Public transportation is going to be your best friend in this lovely city as well as those nearby in the province. The CEA on-site staff in Alicante will give you a transportation card that you will need to refill with trips every week or so, depending on whether you buy 10 or 30 viajes (trips). We’ve done the math; it is not cheaper to buy in bulk, so if you’re afraid of losing the card, buying 10 trips at a time might be your best bet. Those trips on that card will allow you to take the tram every day from the city center to San Vicente del Raspeig where the University is located, a 26-minute ride with a gorgeous view of the Mediterranean.
You will also be able to travel to El Campello with those trips, but if you are wanting to travel outside Zone A on Tram Line 1, you will have to purchase a ticket from the same stations for the zone corresponding to your destination. It’s quite a simple transportation system, and the maps that the on-site staff will give you have almost all of the information you need to successfully navigate the tram lines for the duration of your time on Costa Blanca. I was able to travel north to Calpe and Altea using only the tram services, and I’d highly recommend going to those destinations at least once while there.
Lastly, the card will also work with the local bus system, and one trip within the city is normally the same cost as a trip to the university. There is also a quite reasonably-priced bus system that will take you to many of the cities and towns inside and out of the Alicante province, including Elche, Arenals del Sol (the beaches south of Alicante), Novelda, Alcoi, and many more. I was able to travel to Santa Pola for less than 5 euros for a day trip one weekend.
For the international travel plans I’m sure you will have, you’ll be pleased to hear that there is a bus that goes directly between the airport and the city center, making stops near Playa de Postiguet and along Alfonso Sabio, the main avenue on which the Mercado is located.

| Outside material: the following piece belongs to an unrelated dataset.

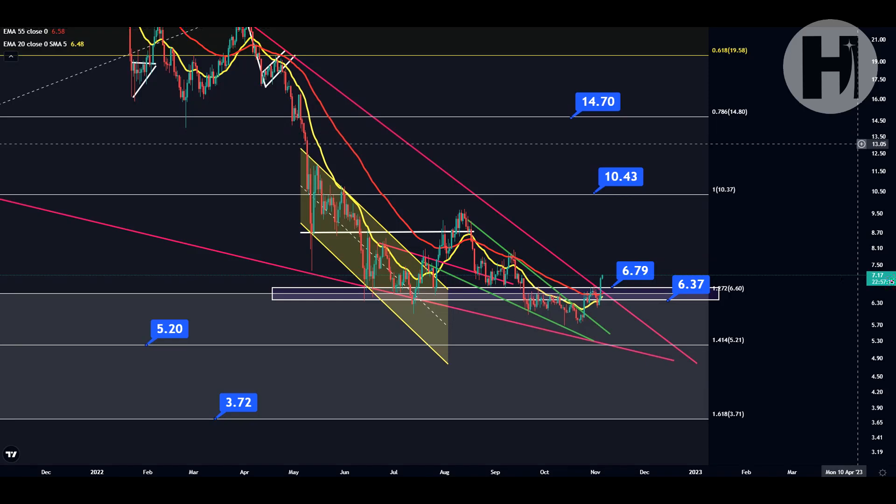Hey, what's going on? Welcome back to the channel. In this video, we're going to be taking a look at Polkadot. I do want to say that I'm not a financial advisor — you should do your own research before investing money into crypto. If you haven't seen the previous DOT update, I would encourage you to check that out before watching this one so you have more context. It's going to be linked in the top right-hand corner. Now let's jump into the TA.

Lastly, I should mention the parking shortage within the city center. If you happen to make any local friends who have a car, it’s important to know that the “P” signs that claim parking “libre” do not mean that underground parking is free; rather, it signifies that there is vacancy or parking available that is paid for by the hour. Free parking is available on the streets north of Alfonso Sabio as well as near the MARQ tram station on the northeast side of Mount Benacantil and in front of Playa de Postiguet.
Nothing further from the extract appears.